Бриз посмотрел на часы.
— Я устал, — сказал он. — Давайте забудем о деле Кассиди и вернемся к делу Филипса.
Я покачал головой.
— Нет, я хочу отметить одну важную деталь. Припомните дело Кассиди. Кассиди был очень богатый человек, мультимиллионер. У него был взрослый сын. Однажды ночью в их дом вызвали полицию, и там на полу лежал молодой Кассиди — лицо в крови и пуля в виске. Его секретарь лежал в соседней ванной, уткнувшись головой в другую дверь ванной, выходившую в холл, держал в левой руке догоревший окурок, просто догоревший до фильтра окурок, который опалил кожу между пальцами. У его правой руки лежал пистолет. Он был убит выстрелом в голову со среднего расстояния. Там было много выпито. С момента их смерти прошло четыре часа, из них три часа там был семейный врач. И что же вы сделали с делом Кассиди?
Бриз вздохнул:
— Убийство и самоубийство в ходе пьяного дебоша. Секретарь упился и застрелил молодого Кассиди. Я это вроде читал в газетах. Вы это хотели мне сказать?
— Вы могли прочесть это в газетах, — сказал я. — Но дело было не так. Больше того, вы знали, что дело было не так, и прокурор знал, и следователи прокуратуры были отозваны с этого расследования в течение какого-то часа. Расследования как такового не было. Но каждый репортер в городе и каждый полицейский во всех деталях знали, что стрелял юный наследник, что это Кассиди напился до горячки, что это секретарь пытался урезонить его, но не смог, а потом пытался увернуться, но не успел. Это у юного Кассиди была рана от выстрела в упор, а не у секретаря. Секретарь был левша и держал сигарету в левой руке, когда был убит. Даже если ты не левша, ты не станешь небрежно перекладывать сигарету в другую руку, чтобы застрелить человека. Так мог бы поступить бандит из вестерна, а не секретарь миллионера. И что делала семья и семейный врач в течение четырех часов до приезда полиции? При таком раскладе расследование было просто поверхностным. Почему их руки не обследовали на следы пороха? Потому что вам не нужна была правда. Кассиди — слишком большая фигура. Но ведь там тоже речь шла об убийстве… Или нет?
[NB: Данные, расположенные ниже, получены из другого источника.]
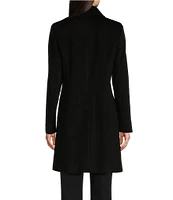 Donna Karan Wool Blend Notch Collar Button Front Single Breasted Reefer Coat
— Оба парня были мертвы, — сказал Бриз. — Какая, к черту, разница, кто кого убил?
— Вам не приходило в голову, — сказал я, — что у этого секретаря могла быть мать, или сестра, или невеста, или все трое? Что у них была своя гордость, и своя честь, и своя любовь к пареньку, которого изобразили пьяным параноиком, потому что у его хозяина были миллионы?
Бриз медленно поднял стакан и медленно допил, медленно поставил его и медленно покрутил на столике. Спенглер сидел напряженный, с блестящими глазами, с какой-то напряженной усмешкой на раскрытых губах.
— К чему вы ведете? Я слушаю.
Я сказал:
— Вы, ребята, держите свои души в своих руках. А мою — нет. Пока вам нельзя будет доверять всегда и во всем, везде и при любых условиях, доверять искать правду и найти ее, а не переставлять фишки, как захочется, — до тех пор я имею право слушать свою совесть и защищать своего клиента сколько хватит сил. Пока я не буду уверен, что вы не принесете ему больше вреда, чем добра великой истине. Или пока меня не приволокут к кому-то, что заставит меня говорить.
Бриз сказал:
— На мой взгляд, вы говорите так, словно пытаетесь заглушить совесть.
— О господи, — сказал я. — Давайте-ка еще выпьем. А потом вы мне расскажете о девушке, с которой вы заставили меня говорить по телефону.
Он подумал.
— Эта дама — соседка Филипса. Слышала, как вечером он разговаривал с каким-то парнем у дверей. Она билетерша в дневном кинотеатре. Мы решили, что ей стоит послушать ваш голос. Забудьте об этом.
— Что ж это был за голос?
— Неприятный. Ей он не понравился.
— Видимо, поэтому вы и подумали обо мне, — сказал я.
Я собрал стаканы и пошел с ними на кухню.